Why is it in the news?
- UNESCO added Gwalior, Madhya Pradesh, to its Creative Cities Network (UCCN) for its commitment to culture and creativity.
- Kozikode from Kerala was also among the new cities to join the network.
Gwalior’s Musical Legacy
- Gwalior has a rich musical heritage, with a notable contribution to Indian classical music.
- The Gwalior gharana, the oldest musical gharana in India, flourished under Raja Man Singh Tomar in the 15th century.
- Dungarendra Singh Tomar, a musician, played a significant role in the revival of Indian classical music.
- Man Singh Tomar, known for inventing ‘dhrupad’, also contributed to the popularization of Indian music in Hindi.
Gwalior Gharana’s Significance
- Gwalior gharana is considered the first proper gharana of music, evolving under Mughal rule.
- It played a pivotal role in the development of khayal singing, incorporating elements of qawwali.
- Ustad Naththan Pir Baksh was instrumental in creating khayal, a structured system of presenting ragas.
- Persian words were integrated into musical compositions, and concepts like “bandish ki thumri” were introduced.
- Gwalior gharana’s techniques and nuances continue to influence students of Hindustani classical music today.
Mian Tansen, Gwalior’s Crown Musician
- Mian Tansen, born as Ramatanu, trained under Swami Haridas and was influenced by Sufi saint Mohommad Ghous.
- He was the court musician for King Ram Chandra Singh of Rewa and later joined Akbar’s court.
- Akbar’s admiration for Tansen is well-documented, and Tansen’s contributions are celebrated in Indian culture.
Ustad Hafiz Ali Khan and the Bangash Gharana
- Ustad Hafiz Ali Khan, a prominent musician from Gwalior, trained under Ustad Wazir Khan of Rampur, a descendant of Mian Tansen.
- He was a court musician in Gwalior and became a sought-after artist during music conferences in the early 20th century.
- Ustad Hafiz Ali Khan trained several significant musicians, including his son Ustad Amjad Ali Khan and Pt.
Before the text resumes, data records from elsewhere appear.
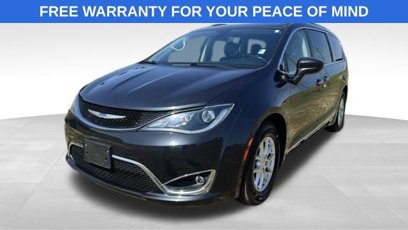 Used 2020 Chrysler Pacifica Touring-L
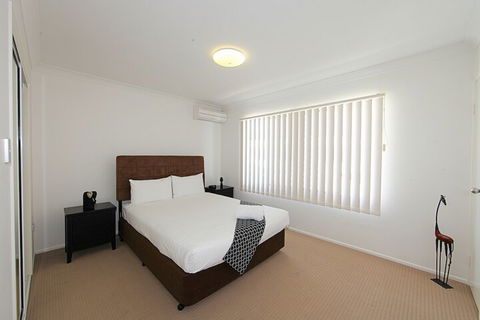 Alexandra Apartments - Accommodation Whitsundays 7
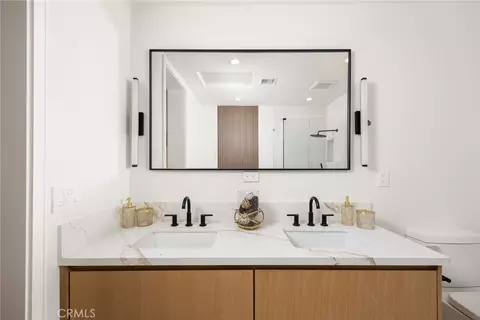 Bath - 830 Sunset Blvd #B, Arcadia, CA 91007 photo 4 of 5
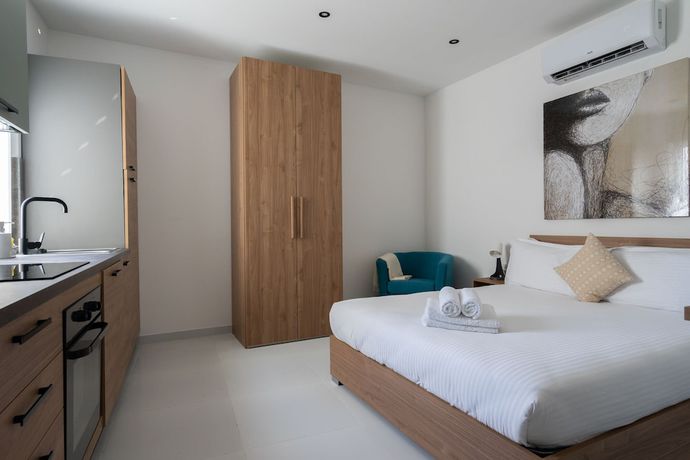 Imagen de la habitación del Hotel Marina Studios. Foto 8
Bhimsen Joshi.
· A Gharana serves as a crucial component in the guru-shishya parampara, where disciples learn under the guidance of a specific guru, inheriting not only musical knowledge but also a distinctive musical style.
· This lineage-based system fosters a deep connection between the guru and shishya, ensuring the preservation and transmission of intricate musical traditions and techniques.
· It functions as a living legacy, with each generation of disciples adding their own nuances while staying true to the core principles of the gharana, thereby enriching and evolving the musical heritage over time.
· Hindustani Music is one of the two distinct schools of Indian Classical Music practiced mainly in North India. The other school of Indian Classical Music is Carnatic music which is practiced mainly in Southern India.
· Major Styles of Hindustani Music: Dhrupad, Khayal, Tarana, Thumri, Tappa, and Ghazal.